I was used to feeling out of place on golf courses – at one time, in my late teens, I'd even gone out of my way to play up to it. But now I was actually trying my best to fit in, to dress innocuously, to not talk about books or films or TV or any of the things that I talked about normally, or if I did, to not be too challenging or distracting – and it amazed me how easy it was to stand out. At one point on the range in the prelude to round two, I'd heard my name mentioned, and while I didn't get the context, the conversation definitely included the word ‘character'. Was it so odd that I was the only person who didn't think it remotely weird to want to wear his shirt untucked in the middle of a heatwave? Was my equipment so outdated that every third person needed to inspect it and pull a confused face?
10
Was my straw boater so eccentric that Michael Welch, the former ‘next Sandy Lyle' and eleventh-place finisher on the 2005 Euro Pro Tour order of merit, was justified in pointing and laughing at it as I walked past the putting green?
11
It seemed so.

I could spot my fellow GMS Classic competitors at a considerable distance, both at my hotel and at the petrol station down the road where I bought my bottles of water
in
preparation for my round. It wasn't just the ubiquitous sleepy hedgehog hair and J. Lindeberg belts and fluorescent tops and shaving rashes; it was their quiet, watchful eyes and a certain dipped-head doggedness about their manner. They had their own way of walking, their own way of talking. It was unacknowledged, but it was a code that united them.
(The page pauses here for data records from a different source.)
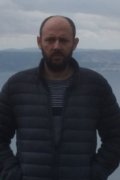 Алексей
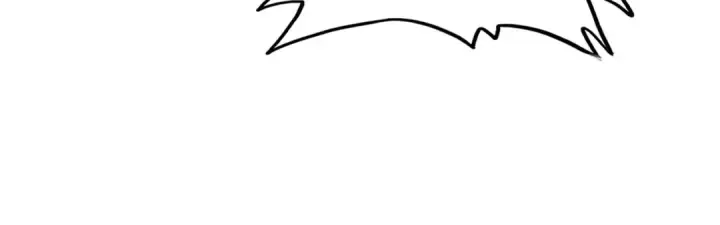 漫画《魔皇大管家》第846话 焚天金龙第51张图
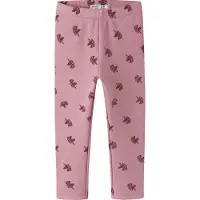 Name it Davina Fleece Leggingsit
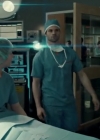 VampireDiariesWorld-dot-org_SavingHope2x01-1175.jpg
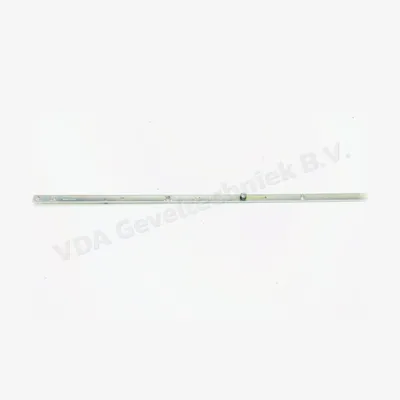 Siegenia AF tussenstuk GR.4 FFH 2101-2360 mm 1R TZKK0040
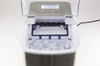 MÁY LÀM ĐÁ VIÊN CASO ICECHEF PRO 3302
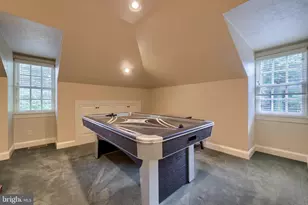 1101 Smallbrook Ln, York, PA 17403 - Photo 76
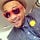 Go to the profile of Ignacio J. Zambrano, II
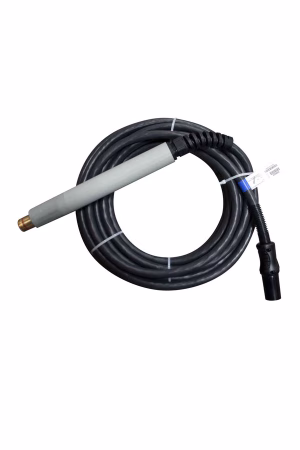 TORCHE MC PMX 125 180° 15.2M HYPERTHERM 059522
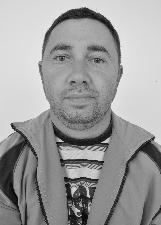 Foto de PAULO RICARDO NUNES DA SILVEIRA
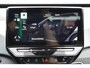Volkswagen ID.3 Pro 58 kWh 43.478 km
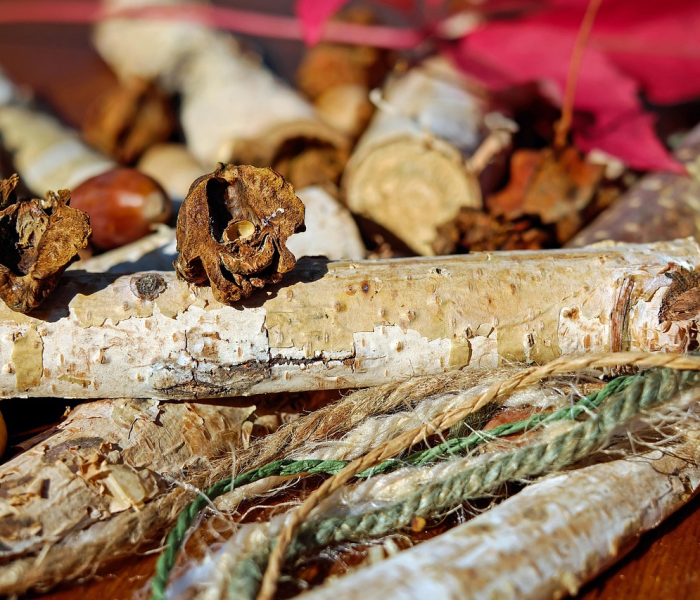 【印度毛霉菌病感染图片,印度毛霉菌感染症状图片】 【印度毛霉菌病感染图片,印度毛霉菌感染症状图片】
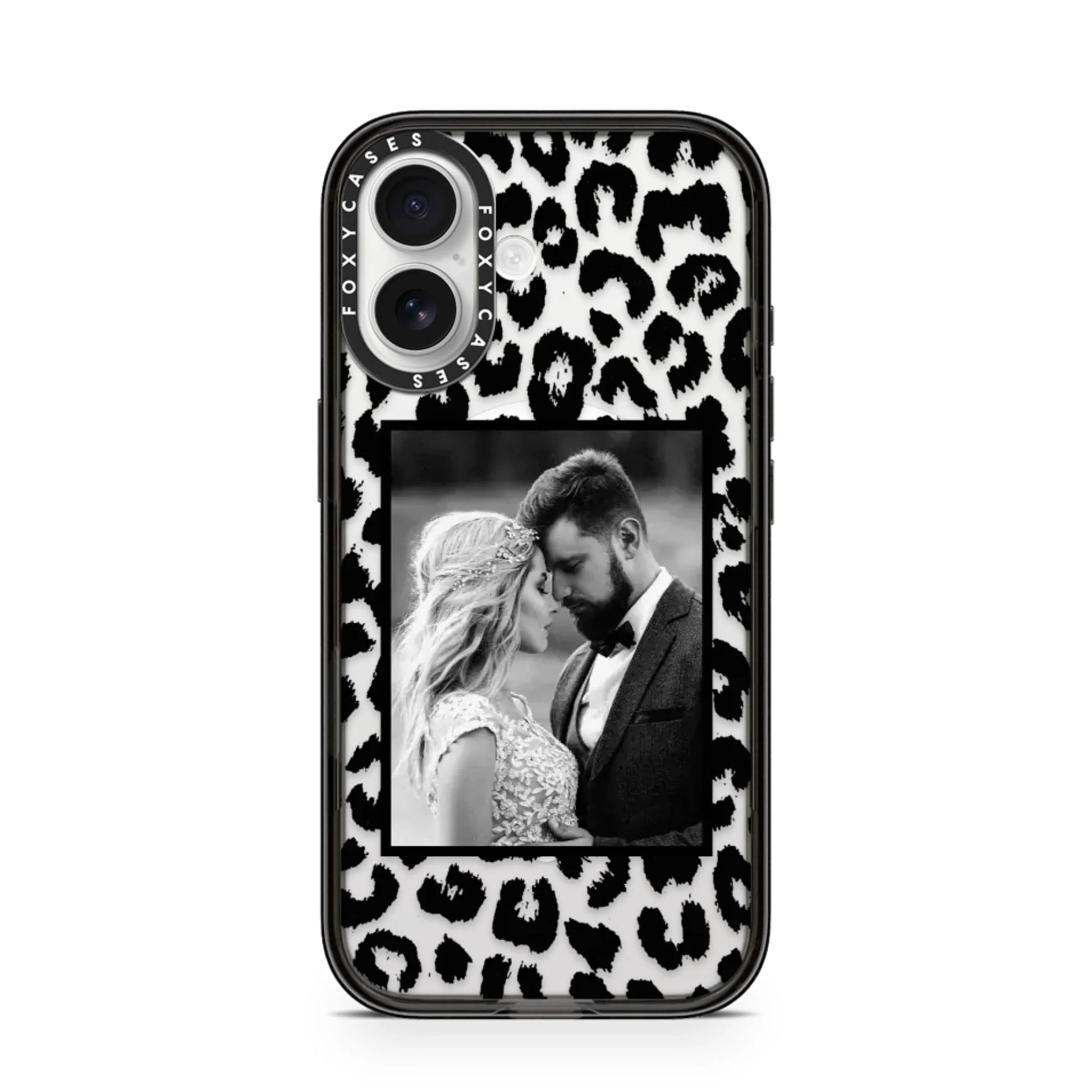 iPhone-17-White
In his domain, the archetypal pro golfer was like a nerdy version of a cowboy hero: he swaggered around slowly and chewed over his surroundings indifferently and didn't say much, and what he did say didn't give much away. But outside of it, he was Bambi in spiked shoes. When he was on the non-golf planet he was so sleepy and innocent, he tended not to run into too much trouble. But when the non-golf planet crossed the boundary and came to
him
, difficulties could arise. A good example of these difficulties would be the conversation that occurred between Stevens and three teenage spectators sitting by the seventeenth tee during our second round.

‘Is there any trouble over the back?' Stevens asked the oldest of the three – a kid of about sixteen, with a crewcut and a Manchester United T-shirt.

By ‘trouble', Stevens meant ‘bunkers' or ‘water' – an extension of the pond that surrounded the front of the green – and by ‘over the back' he meant ‘to the rear of the green', but it was obvious that the teenager did not know this, or at least was unsure. He could have replied with, ‘I'm not sure.' Instead, eager to be of assistance, he said, ‘The hole used to be in a different place.' Stevens simply stared at him blankly, then teed off.

‘The hole used to be in a different place' was quite
simply
not what you said during a golf tournament, when everyone who knew anything about golf took it for granted that the greenkeepers moved the hole placements from day to day. If anything, you said, ‘Pin's back right – about thirteen yards from where it was yesterday.' Stevens didn't mean to be rude; his refined golfing brain simply could not process a statement of such guilelessness.